Task data:
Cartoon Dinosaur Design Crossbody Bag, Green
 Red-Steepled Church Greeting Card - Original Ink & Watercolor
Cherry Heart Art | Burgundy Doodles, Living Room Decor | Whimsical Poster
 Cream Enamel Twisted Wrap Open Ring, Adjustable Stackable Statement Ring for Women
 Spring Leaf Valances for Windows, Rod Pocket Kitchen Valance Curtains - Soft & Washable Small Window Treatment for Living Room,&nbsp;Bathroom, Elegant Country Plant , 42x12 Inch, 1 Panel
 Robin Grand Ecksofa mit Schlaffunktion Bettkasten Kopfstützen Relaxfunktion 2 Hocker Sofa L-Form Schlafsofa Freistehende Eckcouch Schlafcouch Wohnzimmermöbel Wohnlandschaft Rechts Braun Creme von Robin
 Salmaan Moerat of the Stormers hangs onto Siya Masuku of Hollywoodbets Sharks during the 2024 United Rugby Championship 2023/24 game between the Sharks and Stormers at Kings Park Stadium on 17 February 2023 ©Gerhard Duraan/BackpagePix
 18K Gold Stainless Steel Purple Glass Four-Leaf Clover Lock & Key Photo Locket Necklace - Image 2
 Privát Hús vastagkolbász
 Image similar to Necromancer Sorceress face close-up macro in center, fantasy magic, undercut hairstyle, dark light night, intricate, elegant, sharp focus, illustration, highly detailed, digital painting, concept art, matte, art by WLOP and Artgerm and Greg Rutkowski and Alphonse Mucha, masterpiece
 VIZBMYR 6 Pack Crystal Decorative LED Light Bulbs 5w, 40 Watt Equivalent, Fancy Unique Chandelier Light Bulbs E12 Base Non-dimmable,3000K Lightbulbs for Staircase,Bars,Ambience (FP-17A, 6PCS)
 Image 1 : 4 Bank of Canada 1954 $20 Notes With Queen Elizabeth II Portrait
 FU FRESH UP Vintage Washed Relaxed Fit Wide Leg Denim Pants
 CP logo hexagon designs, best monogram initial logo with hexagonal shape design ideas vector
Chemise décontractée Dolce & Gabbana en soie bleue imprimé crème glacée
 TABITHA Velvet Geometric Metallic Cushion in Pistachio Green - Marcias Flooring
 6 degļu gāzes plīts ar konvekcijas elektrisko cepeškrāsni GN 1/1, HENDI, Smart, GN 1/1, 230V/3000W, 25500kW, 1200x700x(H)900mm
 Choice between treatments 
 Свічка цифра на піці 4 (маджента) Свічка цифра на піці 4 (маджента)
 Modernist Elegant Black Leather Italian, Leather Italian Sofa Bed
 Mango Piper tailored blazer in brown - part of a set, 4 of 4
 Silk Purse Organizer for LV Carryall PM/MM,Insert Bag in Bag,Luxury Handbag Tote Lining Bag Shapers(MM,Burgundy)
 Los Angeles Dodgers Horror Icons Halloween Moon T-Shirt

Exercise objective:
Set down the lines from the one with "CP logo hexagon" through the end of the data above. Keep each exactly as written and add no other line.

Written response:
 CP logo hexagon designs, best monogram initial logo with hexagonal shape design ideas vector
Chemise décontractée Dolce & Gabbana en soie bleue imprimé crème glacée
 TABITHA Velvet Geometric Metallic Cushion in Pistachio Green - Marcias Flooring
 6 degļu gāzes plīts ar konvekcijas elektrisko cepeškrāsni GN 1/1, HENDI, Smart, GN 1/1, 230V/3000W, 25500kW, 1200x700x(H)900mm
 Choice between treatments 
 Свічка цифра на піці 4 (маджента) Свічка цифра на піці 4 (маджента)
 Modernist Elegant Black Leather Italian, Leather Italian Sofa Bed
 Mango Piper tailored blazer in brown - part of a set, 4 of 4
 Silk Purse Organizer for LV Carryall PM/MM,Insert Bag in Bag,Luxury Handbag Tote Lining Bag Shapers(MM,Burgundy)
 Los Angeles Dodgers Horror Icons Halloween Moon T-Shirt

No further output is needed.